What you have to do:
Reproduce, exactly, the lines of the material below from the line containing "NM license plate 678RAD" through the line containing "Tasse à Thé", with both end lines included and nothing else.

Provided entries:
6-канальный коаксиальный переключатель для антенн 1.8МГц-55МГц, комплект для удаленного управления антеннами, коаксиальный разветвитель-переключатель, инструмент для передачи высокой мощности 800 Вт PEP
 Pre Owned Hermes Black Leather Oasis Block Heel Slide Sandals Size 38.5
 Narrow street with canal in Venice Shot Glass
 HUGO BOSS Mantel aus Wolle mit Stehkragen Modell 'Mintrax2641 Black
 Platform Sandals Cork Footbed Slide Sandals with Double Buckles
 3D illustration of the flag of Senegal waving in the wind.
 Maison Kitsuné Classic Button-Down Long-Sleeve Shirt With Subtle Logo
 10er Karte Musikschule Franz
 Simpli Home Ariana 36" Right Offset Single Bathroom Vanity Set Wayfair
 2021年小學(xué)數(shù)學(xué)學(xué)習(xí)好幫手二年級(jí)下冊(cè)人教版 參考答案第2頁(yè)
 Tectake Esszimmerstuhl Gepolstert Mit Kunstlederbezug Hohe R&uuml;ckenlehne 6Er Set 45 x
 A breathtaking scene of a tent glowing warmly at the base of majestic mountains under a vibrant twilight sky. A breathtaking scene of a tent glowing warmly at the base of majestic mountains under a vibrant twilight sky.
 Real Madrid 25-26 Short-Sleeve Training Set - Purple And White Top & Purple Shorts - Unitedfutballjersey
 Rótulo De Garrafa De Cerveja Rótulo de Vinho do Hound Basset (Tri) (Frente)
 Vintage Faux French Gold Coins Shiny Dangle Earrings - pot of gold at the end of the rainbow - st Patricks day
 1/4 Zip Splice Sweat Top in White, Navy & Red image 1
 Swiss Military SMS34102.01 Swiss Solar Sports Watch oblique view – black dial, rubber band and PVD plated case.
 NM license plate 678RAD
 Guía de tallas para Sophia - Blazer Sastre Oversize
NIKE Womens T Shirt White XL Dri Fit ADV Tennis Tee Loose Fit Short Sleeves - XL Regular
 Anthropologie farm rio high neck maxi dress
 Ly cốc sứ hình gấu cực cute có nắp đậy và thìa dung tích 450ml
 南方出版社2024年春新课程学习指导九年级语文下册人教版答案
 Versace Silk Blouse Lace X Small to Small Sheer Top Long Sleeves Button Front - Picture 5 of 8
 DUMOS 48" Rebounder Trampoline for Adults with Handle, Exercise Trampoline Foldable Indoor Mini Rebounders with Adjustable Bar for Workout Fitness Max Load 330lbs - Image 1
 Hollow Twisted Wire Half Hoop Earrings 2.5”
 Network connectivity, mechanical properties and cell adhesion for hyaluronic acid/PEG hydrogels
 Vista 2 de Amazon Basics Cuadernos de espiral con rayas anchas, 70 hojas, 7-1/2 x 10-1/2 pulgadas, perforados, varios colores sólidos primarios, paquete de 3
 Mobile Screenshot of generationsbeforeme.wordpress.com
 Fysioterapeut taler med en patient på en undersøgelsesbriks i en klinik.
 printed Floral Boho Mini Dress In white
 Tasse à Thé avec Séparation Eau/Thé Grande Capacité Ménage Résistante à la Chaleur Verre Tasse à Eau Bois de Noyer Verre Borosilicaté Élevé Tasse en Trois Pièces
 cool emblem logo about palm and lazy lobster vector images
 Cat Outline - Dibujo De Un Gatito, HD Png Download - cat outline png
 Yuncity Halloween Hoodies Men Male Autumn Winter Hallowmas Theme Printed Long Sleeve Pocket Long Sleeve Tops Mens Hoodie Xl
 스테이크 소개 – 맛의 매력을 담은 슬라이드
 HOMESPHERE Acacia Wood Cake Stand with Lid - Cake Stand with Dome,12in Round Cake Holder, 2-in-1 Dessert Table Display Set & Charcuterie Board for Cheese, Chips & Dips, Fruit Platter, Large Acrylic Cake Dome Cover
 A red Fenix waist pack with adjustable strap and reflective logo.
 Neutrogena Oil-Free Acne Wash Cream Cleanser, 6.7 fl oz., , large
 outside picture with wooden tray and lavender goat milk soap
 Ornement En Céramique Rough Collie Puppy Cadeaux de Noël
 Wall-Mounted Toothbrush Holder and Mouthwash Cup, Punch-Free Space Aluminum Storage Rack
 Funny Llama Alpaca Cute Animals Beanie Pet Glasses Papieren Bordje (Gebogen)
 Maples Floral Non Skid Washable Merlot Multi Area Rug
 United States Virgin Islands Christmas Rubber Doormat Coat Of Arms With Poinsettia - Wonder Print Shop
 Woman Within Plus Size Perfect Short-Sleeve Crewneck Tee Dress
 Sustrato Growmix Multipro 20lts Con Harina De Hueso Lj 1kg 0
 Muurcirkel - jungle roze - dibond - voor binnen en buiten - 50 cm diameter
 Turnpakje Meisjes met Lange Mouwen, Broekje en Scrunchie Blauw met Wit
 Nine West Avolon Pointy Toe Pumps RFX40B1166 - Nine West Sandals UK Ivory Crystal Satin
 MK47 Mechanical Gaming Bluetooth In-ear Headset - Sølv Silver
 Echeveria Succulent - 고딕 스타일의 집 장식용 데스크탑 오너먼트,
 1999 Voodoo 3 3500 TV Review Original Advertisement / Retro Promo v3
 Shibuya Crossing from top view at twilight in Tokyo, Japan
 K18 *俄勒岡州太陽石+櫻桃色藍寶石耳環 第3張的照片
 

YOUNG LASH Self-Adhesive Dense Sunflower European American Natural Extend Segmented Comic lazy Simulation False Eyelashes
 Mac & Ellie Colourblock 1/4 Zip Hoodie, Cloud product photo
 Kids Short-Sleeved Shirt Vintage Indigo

Result:
 NM license plate 678RAD
 Guía de tallas para Sophia - Blazer Sastre Oversize
NIKE Womens T Shirt White XL Dri Fit ADV Tennis Tee Loose Fit Short Sleeves - XL Regular
 Anthropologie farm rio high neck maxi dress
 Ly cốc sứ hình gấu cực cute có nắp đậy và thìa dung tích 450ml
 南方出版社2024年春新课程学习指导九年级语文下册人教版答案
 Versace Silk Blouse Lace X Small to Small Sheer Top Long Sleeves Button Front - Picture 5 of 8
 DUMOS 48" Rebounder Trampoline for Adults with Handle, Exercise Trampoline Foldable Indoor Mini Rebounders with Adjustable Bar for Workout Fitness Max Load 330lbs - Image 1
 Hollow Twisted Wire Half Hoop Earrings 2.5”
 Network connectivity, mechanical properties and cell adhesion for hyaluronic acid/PEG hydrogels
 Vista 2 de Amazon Basics Cuadernos de espiral con rayas anchas, 70 hojas, 7-1/2 x 10-1/2 pulgadas, perforados, varios colores sólidos primarios, paquete de 3
 Mobile Screenshot of generationsbeforeme.wordpress.com
 Fysioterapeut taler med en patient på en undersøgelsesbriks i en klinik.
 printed Floral Boho Mini Dress In white
 Tasse à Thé avec Séparation Eau/Thé Grande Capacité Ménage Résistante à la Chaleur Verre Tasse à Eau Bois de Noyer Verre Borosilicaté Élevé Tasse en Trois Pièces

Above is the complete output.